**Assignment:** Output every record exactly and leave each picture out.

Caption-style text data:
——
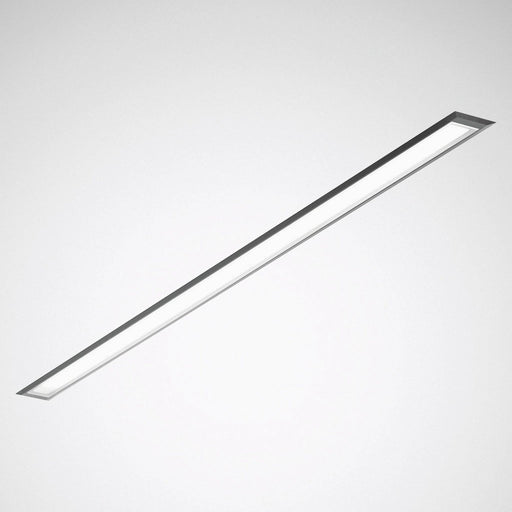 Trilux - Decken-/Wandleuchte LED-Einbauleuchte Altigo G2 C #7112650 3000K, anthrazit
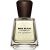 FRAPIN Bois Blanc EDP spray 100ml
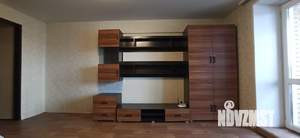 Студия квартира, на длительный срок, 28м2, 7/18 этаж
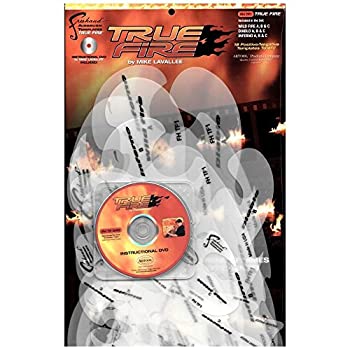 【中古】【輸入品・未使用】Artool Freehand Airbrush Templates%ｶﾝﾏ% True Fire Template Set by Iwata-Medea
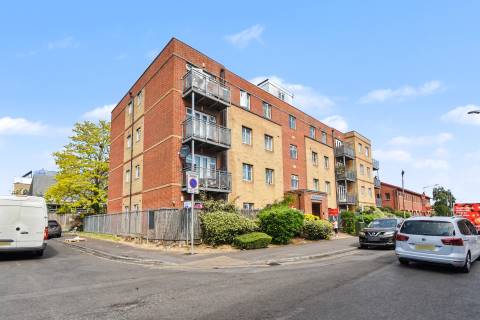 Property for auction in Berkshire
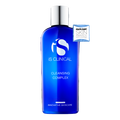 Cleansing Complex image 0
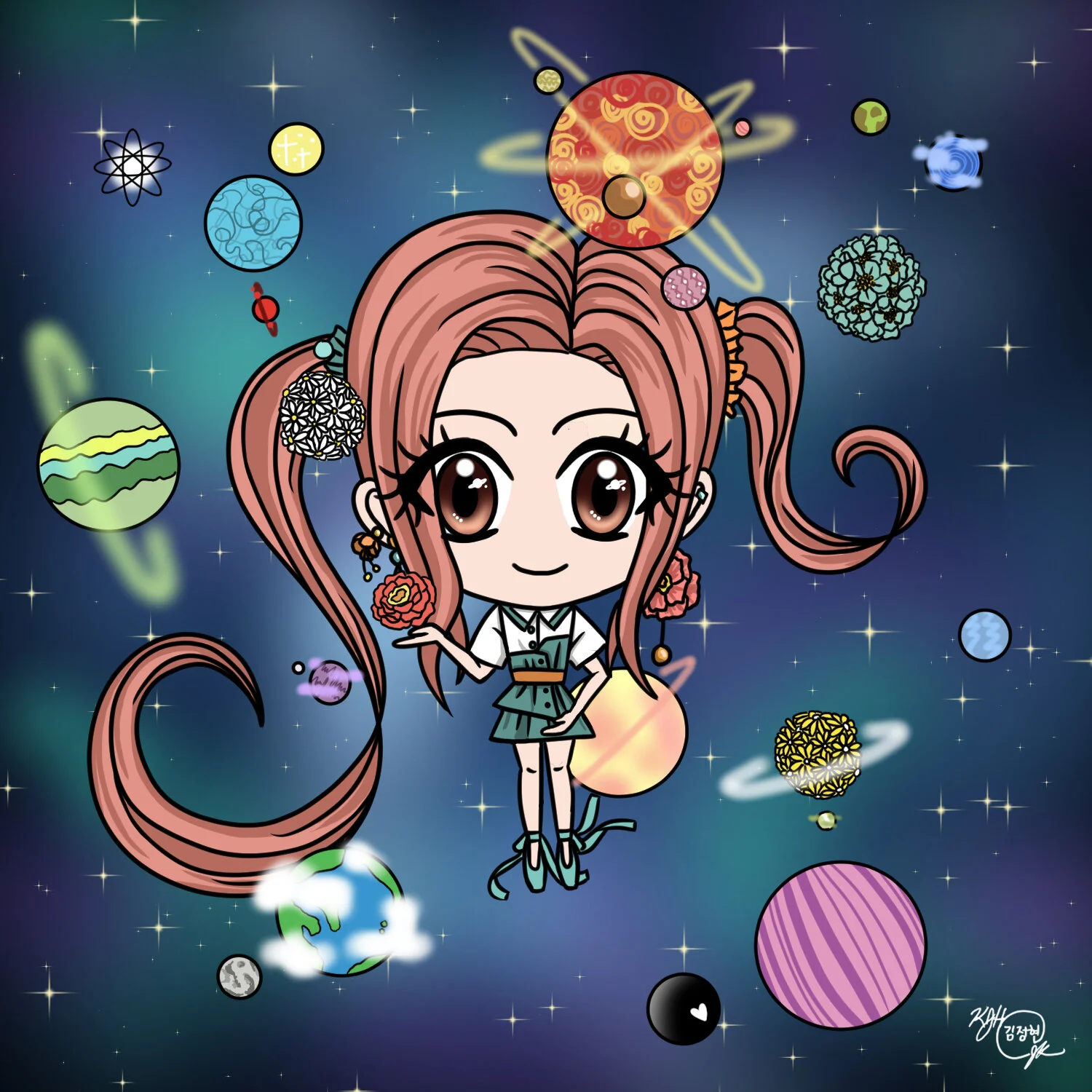 The Solar System Thumbnail Art.jpg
——
**Result of the exercise:**
 Trilux - Decken-/Wandleuchte LED-Einbauleuchte Altigo G2 C #7112650 3000K, anthrazit
 FRAPIN Bois Blanc EDP spray 100ml
 Студия квартира, на длительный срок, 28м2, 7/18 этаж
 【中古】【輸入品・未使用】Artool Freehand Airbrush Templates%ｶﾝﾏ% True Fire Template Set by Iwata-Medea
 Property for auction in Berkshire
 Cleansing Complex image 0
 The Solar System Thumbnail Art.jpg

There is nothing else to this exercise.